Will anyone succeed?

Indeed, Rocket Lab's quoted prices -- as little as $80,000 for a single 1U cubesat -- are a far cry from the $62 million launch price SpaceX charges for putting much larger satellites in orbit -- or the $225 million average launch cost from the likes of Boeing (BA 0.01%) and Lockheed Martin (LMT 0.01%). Clearly, the start-ups are pricing aggressively to grab as large a share of this emerging market as possible, and as quickly as possible, too.

Don't expect the giants of the space industry to cede the market, though. SpaceX for example, which paid little attention to the microsatellite industry initially, may find it more lucrative to service now that mass demand has arrived. After all, were SpaceX to imitate Rocket Lab's business plan, one single Falcon 9 rocket could easily lift the mass of 100 or more 100-pound microsatellites into orbit. And at a total launch cost of $62 million, that could work out to $620,000 or less per satellite launched, versus $1.6 million or more from Rocket Lab.

The trick, of course, will be finding enough customers to fill out its cargo hold, and juggling this multitude of small satellites into their owners' desired orbits. But even here, SpaceX may have found a solution in the form of an Alphabet (GOOG 0.37%) (GOOGL 0.35%) project to put upwards of 4,000 microsatellites into predefined orbits, to provide global broadband internet service from space. (That's the project that inspired Alphabet -- or Google, as it was called at the time -- to invest $900 million in SpaceX last year.)

The upshot for investors

Will SpaceX find a way to make it work and use rockets designed for lofting large satellites into orbit, to accommodate the needs of scores of smaller satellites, designed to work as orbiting constellations, instead? Will SpaceX even elect to go this route, when it seems to be doing brilliant business servicing the large-satellite market already?
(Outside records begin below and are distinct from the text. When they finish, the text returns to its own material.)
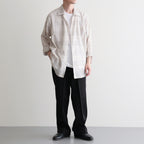 OPEN COLLAR L/S SHIRT #IVORY CHECK [M26A18SH01C]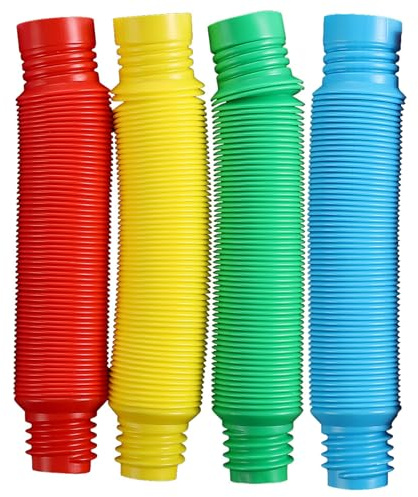 Milaloko 4 stycken färgglada stretch XL pop-rör sensorisk fidget leksak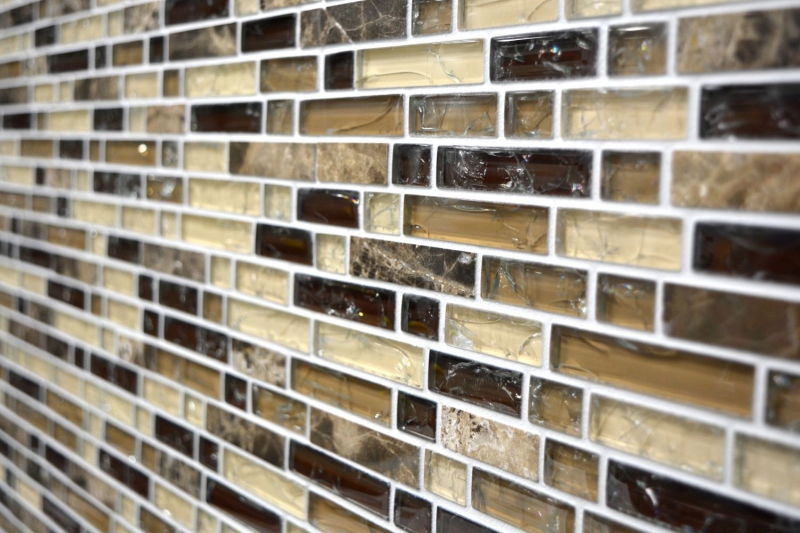 Mosaic tile kitchen splashback translucent dark beige composite glass mosaic Crystal stone emperador dark MOS87-V1355_f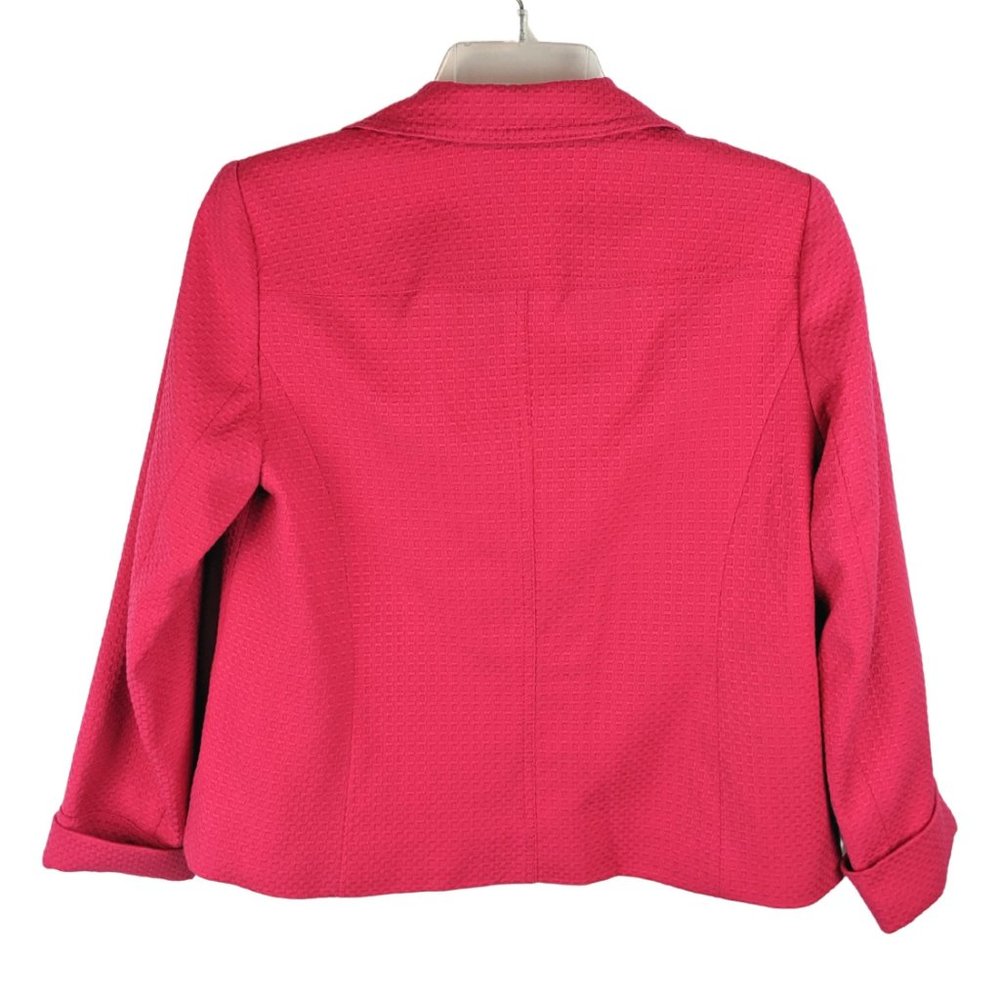 TALBOTS Bright Raspberry Pink Textured 3 Button Blazer Jacket NWT 2 Petite - Picture 5 of 5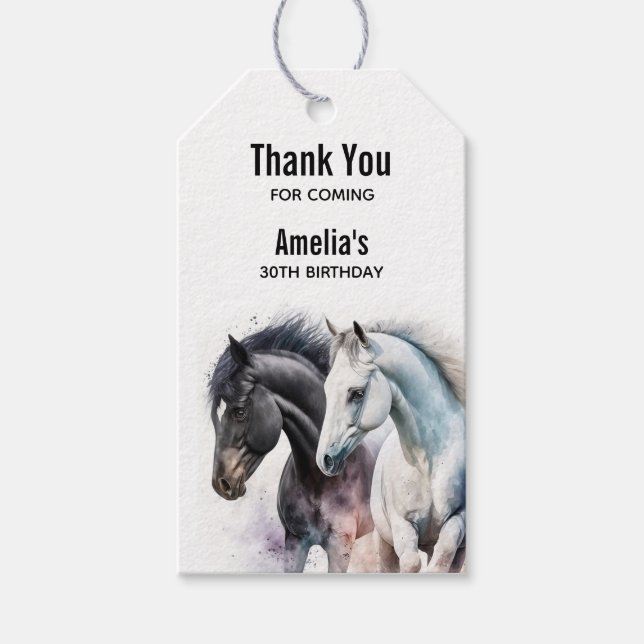 Étiquettes-cadeau Chevaux noir et blanc dans l'aquarelle Merci d'évé (Devant)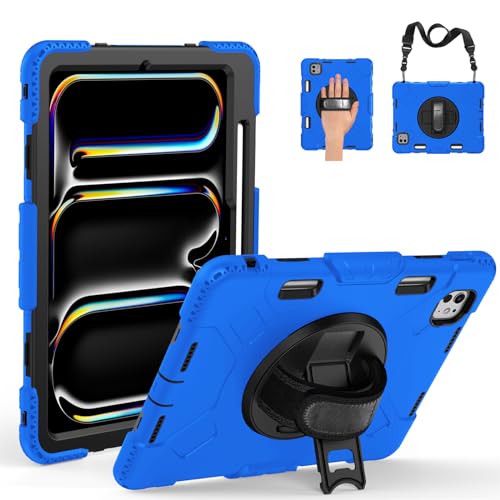 LOXO CASE Hülle für iPad Pro 11-Zoll (M4, 2024, 5. Generation), Militärische Robuste Stoßfeste Schutzhülle mit [360° Drehbare Ständer/Handschlaufe] [Schultergurt] [Stifthalter],Blue von LOXO CASE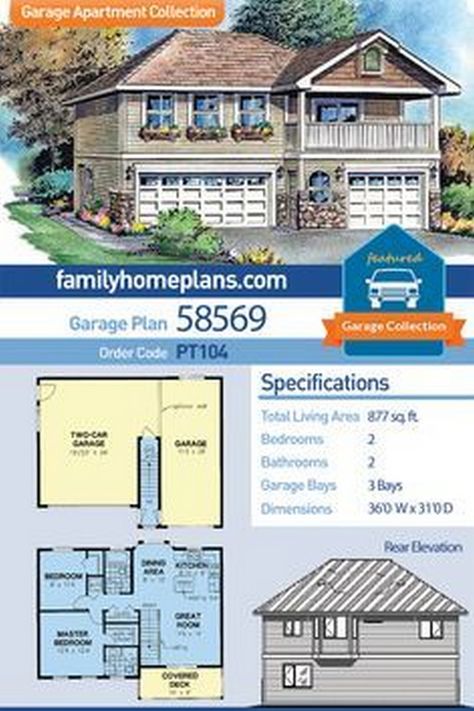 Compact and Chic: Stylish Tiny House Floor Plans Lake House Garage Apartment, Attached Garage With Apartment Above, Over Garage Apartment Floor Plans, Garage Apartment Plans 2 Bedroom Carriage House, Garage With 2 Bedroom Apartment Above, 3 Bedroom Carriage House Plans, Garage Apartments Plans, 3 Car Garage With Apartment Above, House Over Garage Plans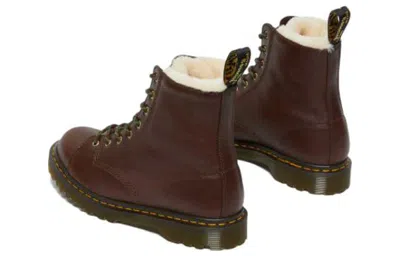 Dr. Martens Barton Shearling Lined Leather Ankle Boots 'brown' In Brown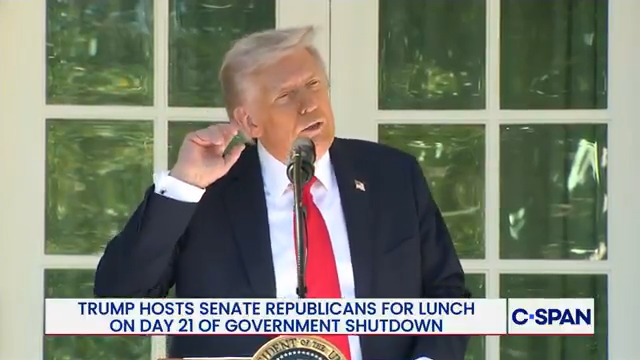 Trump on the demolition of the East Wing of the White House: “ We're building a world-class ballroom...you probably hear the beautiful sound of construction to the back. You hear that sound? That's music to my ears. I love that sound."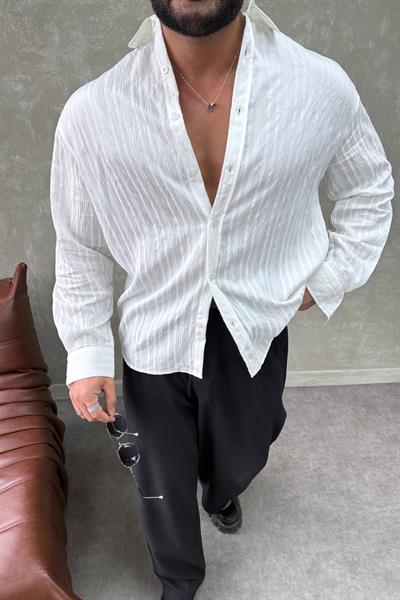 ARMUR ÇİZGİLİ OVERSİZE GÖMLEK BEYAZ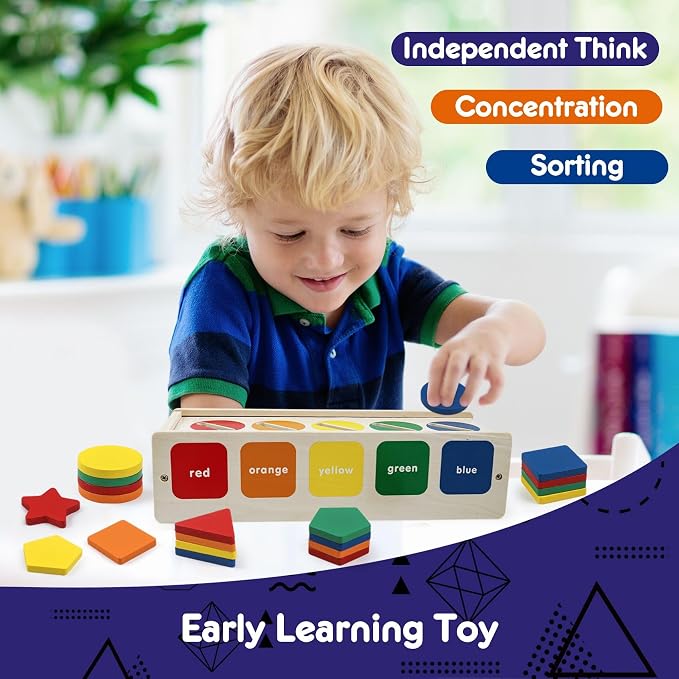 Wooden Sorting Toy Montessori Color & Shape Sorter Class Activity Toddlers Fine Motor Game Teaching Tool for Colors and Shapes Recognition, Birthday Gifts for Boys and Girls - Image 5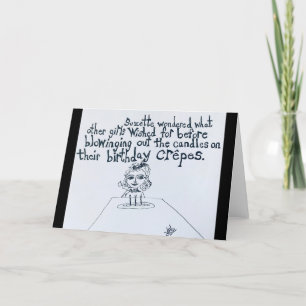 Cartão Desejo de Bolo de Crepe de Aniversário da Menina F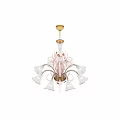 Ornate Glass Chandelier With Decorative Metal Frame And Petal Shaped Illuminated Shades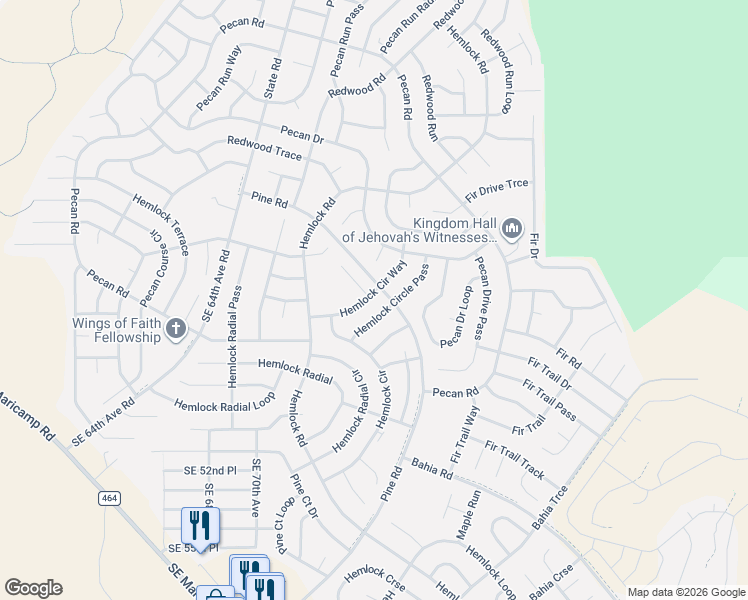 map of restaurants, bars, coffee shops, grocery stores, and more near 20 Hemlock Circle Pass in Ocala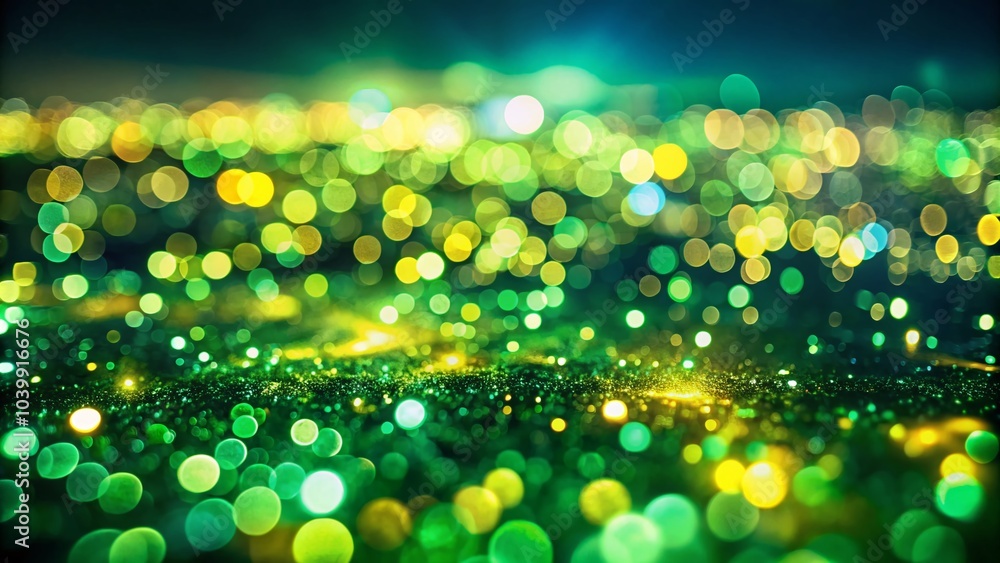 Poster defocused green bokeh lights over dark background for magical atmosphere and text space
Time will tell. In the meantime, investors can rest assured that with so many other start-ups innovating and offering novel pricing schemes, tailored flight plans, and pick-your-own-launch date services, there should be no lack of options for companies joining the race to put microsatellites in space.

There should be business enough to go around. Because if we really are going to be launching 500 satellites annually just a few years from now, we're going to need every one of these options -- and more.